He told the paper: “I think she would have had two extra days to fight.

“They should have tested her for Strep A on Monday [28 November]by the time they said Stella had given up.

He said he first took his daughter to the ER on Nov. 28 after she started feeling unwell with a cold and fever.

Mr McCorkindale claims he was told that Stella-Lilly was suffering from a viral infection and to drink Lucozade to rehydrate.

He said he returned the next day, when doctors helped Stella-Lilly rehydrate but did not run any tests.

Mr McCorkindale said it was on their third trip to hospital, on November 30, that doctors tested his daughter and found she had Strep A.

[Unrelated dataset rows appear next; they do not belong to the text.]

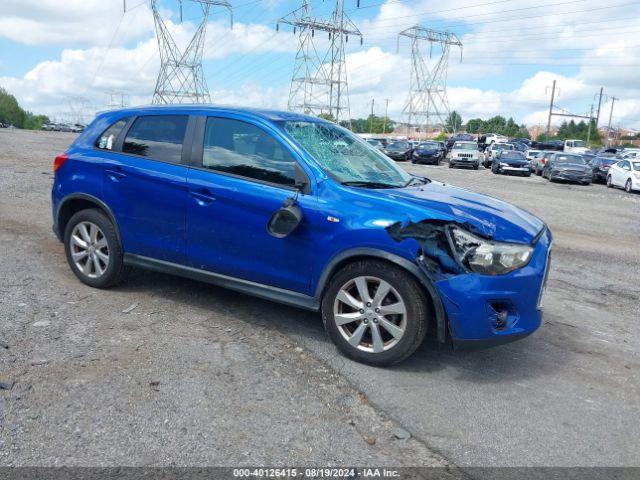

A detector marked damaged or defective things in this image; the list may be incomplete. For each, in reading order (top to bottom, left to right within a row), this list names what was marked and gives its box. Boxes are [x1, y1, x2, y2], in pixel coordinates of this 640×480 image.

crumpled hood [378, 181, 548, 244]
damaged headlight [444, 227, 536, 276]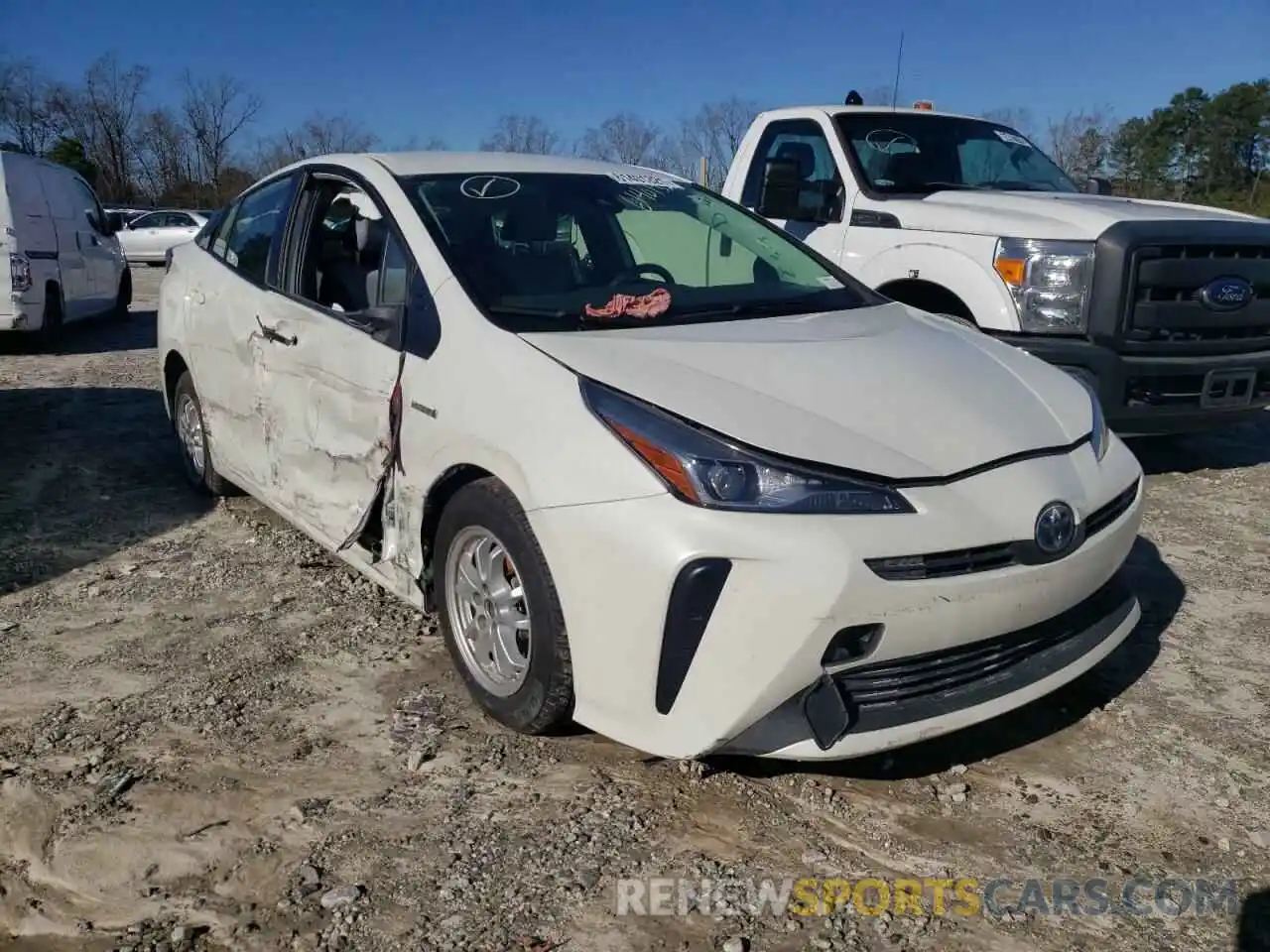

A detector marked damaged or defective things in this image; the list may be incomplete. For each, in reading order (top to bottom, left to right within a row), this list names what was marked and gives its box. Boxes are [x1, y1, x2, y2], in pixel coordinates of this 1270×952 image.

damaged white car [159, 151, 1153, 762]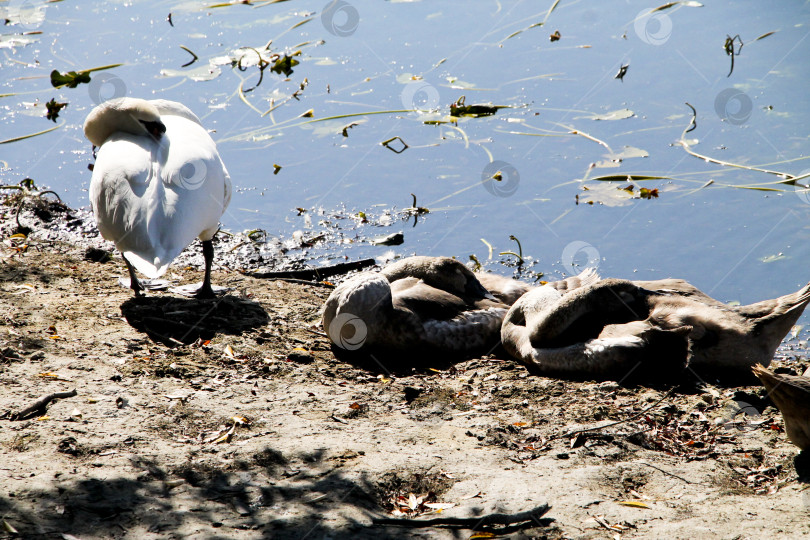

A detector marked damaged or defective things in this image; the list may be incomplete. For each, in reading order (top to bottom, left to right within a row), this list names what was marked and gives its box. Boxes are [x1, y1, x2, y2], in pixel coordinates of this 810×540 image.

broken stick [11, 388, 77, 422]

He told the Mirror he felt her treatment up to that point was “disgraceful” but praised the doctors in intensive care who he said were “bent on their backs” to try and save his daughter.

Read more:
Strep A: Find out how many serious infections and cases of scarlet fever there are in your area
Strep A: Health Secretary insists there is a ‘good supply’ of penicillin

Mr McCorkindale also paid tribute to his daughter in a social media post, writing: “We loved every minute together on this road on our scooter or bike rides, shopping in Iceland, living next door to the (best) neighbors who have ever lived on this walked away earth.

“From every business we sat in, to every bad, bad drinking place we passed, every time I looked up when someone didn’t tell me how cute we were, you had a big smile for us.”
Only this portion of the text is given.